Few other central banks have almost untrammelled independence to set both interest rates and to oversee banks. Indeed, under the Conservative plans, the Bank would be significantly more powerful than before Labour came to power in 1997.

Richard Lambert, CBI Director-General, said: “This is a very radical blueprint. The Conservative proposals would give the Bank of England the most wide-ranging powers of any central bank in the major economies.

The proposals were contained in the Conservatives’ “White Paper” produced as an alternative to the Treasury’s own mooted reforms for the system of financial regulation. The plans contrast sharply with the Government’s announcement to strengthen the tripartite in particular the FSA.

At the launch of the report, David Cameron said: “The decisions that led to this crisis represent a policy failure of historic proportions. We now need deep, wide-ranging reform that matches both the magnitude of the crisis and the scale of the hardship inflicted on the British people.”

He added: “I’m afraid the Government’s proposals that all we need are a few more tweaks and a little bureaucratic tinkering are totally inadequate and risk preventing a recovery.”

If the Tories in the general election, Mr Osborne said they would:

  • Scrap the tripartite system of regulation and abolish the Financial Services Authority
  • Create a new Financial Policy Committee to work along side the Monetary Policy Committee and tasked with maintaining financial stability
  • Set up a separate part of the Bank called the Financial Regulation Division responsible for micro-prudential regulation of Britain’s banks, building societies and insurance companies.
  • Appoint a Treasury minister to fight for Britain’s interests in Europe. Mr Osborne said: “The recent proposals from the Commission would damage London and undermine confidence. The Treasury is not fighting hard enough for our national interest.”
  • Create a new Consumer Protection Agency charged protecting the consumer far more conspicuously than the FSA has done.
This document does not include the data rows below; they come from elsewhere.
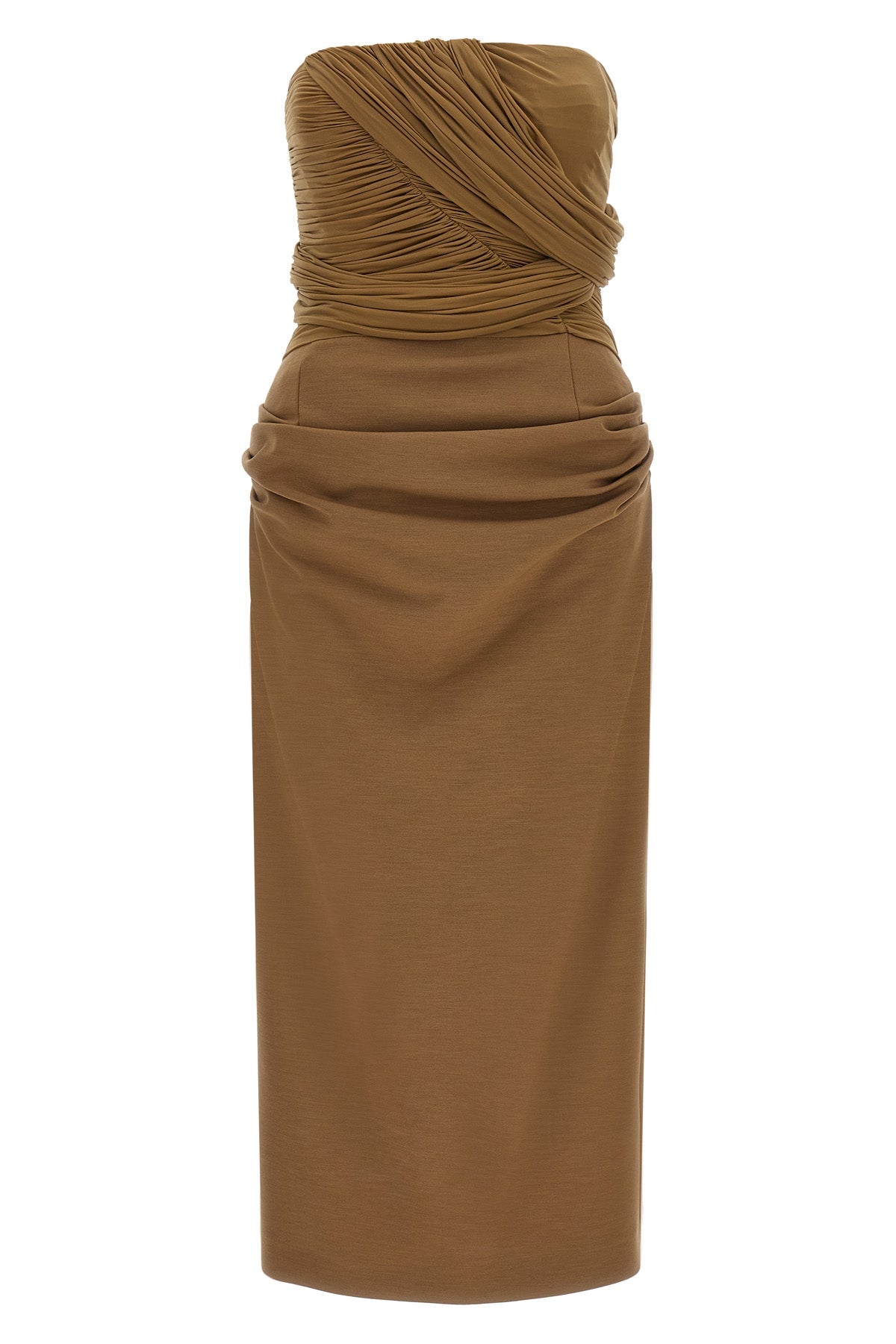 magda butryms 28 midi dress defines a sculptural silhouette through elaborate
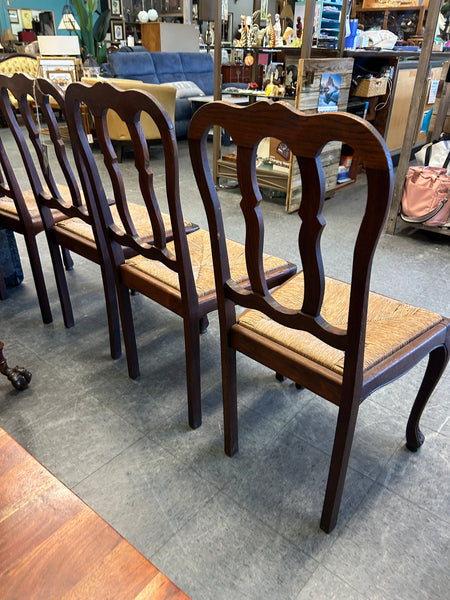 Set of 4 Vintage Wooden Chairs with Woven Rush Seats 178029.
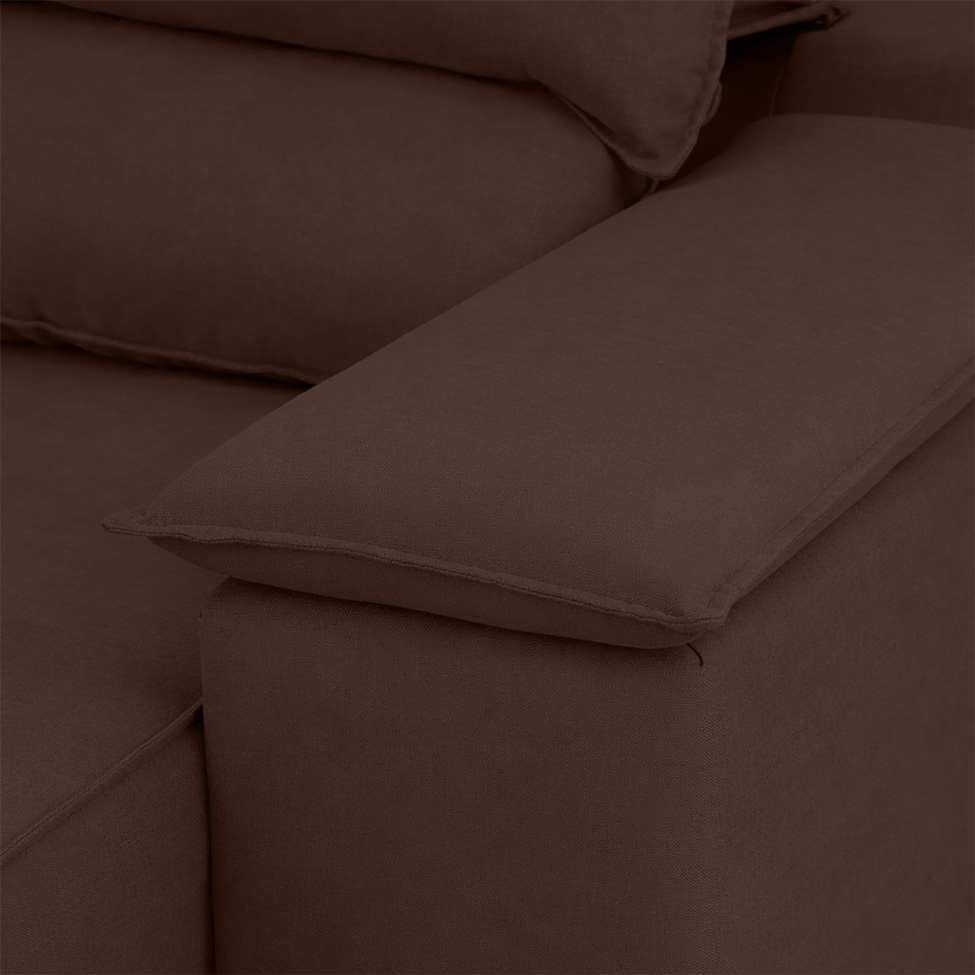 Sofá 3 Lugares Retrátil e Reclinável Baris com USB Suede Marrom 230 cm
The Tories say it will be “much more consumer-orientated, transparent and focused body than the FSA.” He added: “Like the Obama administration in the US, we will force financial institutions to be more transparent about their retail consumer charges.”

The proposals were met with caution in the City. While there is recognition that change is necessary following the crisis there was concern about regulatory uncertainty.

Lord Myner said the plans would cause “considerable disruption”.

Others criticised Mr Osborne for ducking the issue about banks that are “too big to fail”. He said: “I believe there is a case for separating some of the riskiest investment banking activities – such as large scale proprietary trading – from retail banking. But it would not be sensible or indeed effective to impose that separation unilaterally, so we will continue to examine the case internationally.”

Mr Osborne said: “If we can bring stability to our banking system and reward long-term returns over short-term bonus chasing then we will have put in place a key foundation stone of a powerful, productive economy.”